2. Which is the resultant cat vector direction (can depend on speed, entrance angle)?
3. What is the resultant cat magnitude?
So this means that our bag (which is only accessible from the 'front' and has a radius of the spaces located at (-1,1) (0,1) (1,1) ) has 6 directions from which it can be uniquely approached . [E.g. if that cat approaches from <0 1> it will always enter the bag, but if it comes from <0 -1> it will never enter the bag]. Notice how difficult already it is to describe interactions when the cat is not approaching from one of the 8 primary directions. For instance if the cat is traveling from (1,2) to (1,1) to (1,0), this is completely unique from a diagonal approach and yet had not been included in our original analysis.
The cat can also be traveling at one of three speeds, each of which may have a unique effect on the interaction. E.g. If the cat is to the North East of the box and traveling Westward (different spatial thinking then we were using before, but necessary to describe the movement) then it will enter at (0,1) if traveling at speed 1, (-1,1) if traveling at speed 2, and not at all if traveling speed three. So three speeds, six directions... that means there are 18 unique interactions that must be defined for each object. That's too many for a naive user to be able to just 'pick up on' while trying out the game.
If this seems confusing, that's because it is.

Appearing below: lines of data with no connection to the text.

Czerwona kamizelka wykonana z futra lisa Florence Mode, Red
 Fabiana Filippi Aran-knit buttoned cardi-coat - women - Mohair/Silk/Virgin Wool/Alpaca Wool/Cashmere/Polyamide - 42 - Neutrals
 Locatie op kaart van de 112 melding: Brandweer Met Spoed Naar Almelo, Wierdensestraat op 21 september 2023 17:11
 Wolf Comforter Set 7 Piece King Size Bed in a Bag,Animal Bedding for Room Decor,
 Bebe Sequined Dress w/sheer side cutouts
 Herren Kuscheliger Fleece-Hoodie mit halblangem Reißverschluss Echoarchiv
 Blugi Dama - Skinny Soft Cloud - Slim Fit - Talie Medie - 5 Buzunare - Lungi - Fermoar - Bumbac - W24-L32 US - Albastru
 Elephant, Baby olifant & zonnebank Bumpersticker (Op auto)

- Should we simplify objects down to basic properties? Similar to the excel sheet we were working on--need simpler objects with less unique properties.
- Should we scrap this idea and move to sinks and sources? May be even harder to model.
- Should we eliminate the ability to move diagonally?
- Should we reduce the number of speeds?
- Should we alter our thinking here--should the cat interact with the SPACES around an object the same way every time (regardless of the direction it entered the space) and maybe only vary based on speed.